Brief regering : Reactie op vragen gesteld tijdens het Algemeen Overleg MH17 van 10 april 2019 en op vragen van het lid Paternotte, gedaan tijdens de Regeling van Werkzaamheden van 25 juni 2019 over het vliegen boven conflictgebieden
33 997 Vliegramp MH17
Nr. 142 BRIEF VAN DE MINISTER VAN INFRASTRUCTUUR EN WATERSTAAT
Aan de Voorzitter van de Tweede Kamer der Staten-Generaal
Den Haag, 2 juli 2019
Op 10 april 2019 vond een Algemeen Overleg MH17 plaats (Kamerstuk 33 997,nr. 139).
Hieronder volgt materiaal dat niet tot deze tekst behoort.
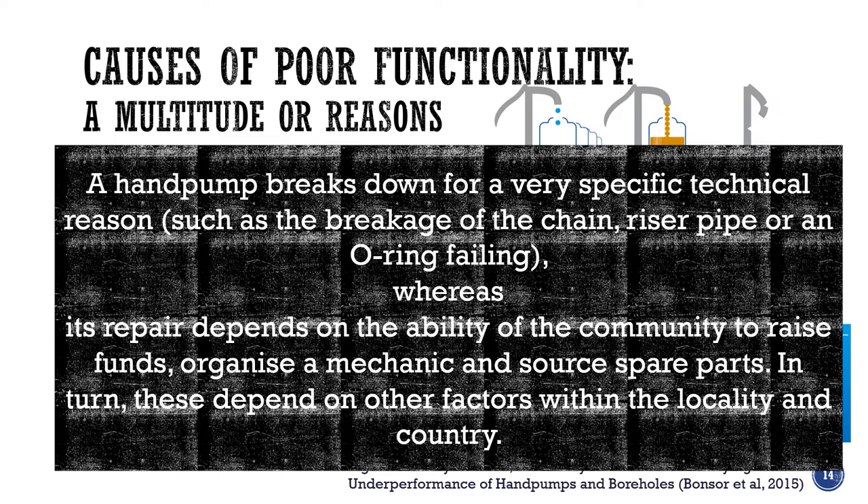A hand pump breaks down for a very specific technical reason, like the break of the chain, the riser pipe breaks, or an o-ring fails. But its repair depends on the ability of the community or the owners to raise funds, organise a mechanic, and source spare parts. In turn, these aspects depend on other factors within the locality and in the country. So it's quite complicated.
Tijdens het overleg hebben de leden Van Wijngaarden en Van der Staaij vragen gesteld
die onder de verantwoordelijkheid van het Ministerie van Infrastructuur en Waterstaat
vallen.
Op 25 juni 2019 heeft het lid Sjoerdsma, namens het lid Paternotte, tijdens het ordedebat
van de Tweede Kamer verzocht om een brief waarin onder meer wordt ingegaan op de werking
van het convenant inzake deling van dreigingsinformatie voor burgerluchtvaart (Handelingen
II 2018/19, nr. 97, Regeling van werkzaamheden.
Hierbij ontvangt u het antwoord op deze vragen.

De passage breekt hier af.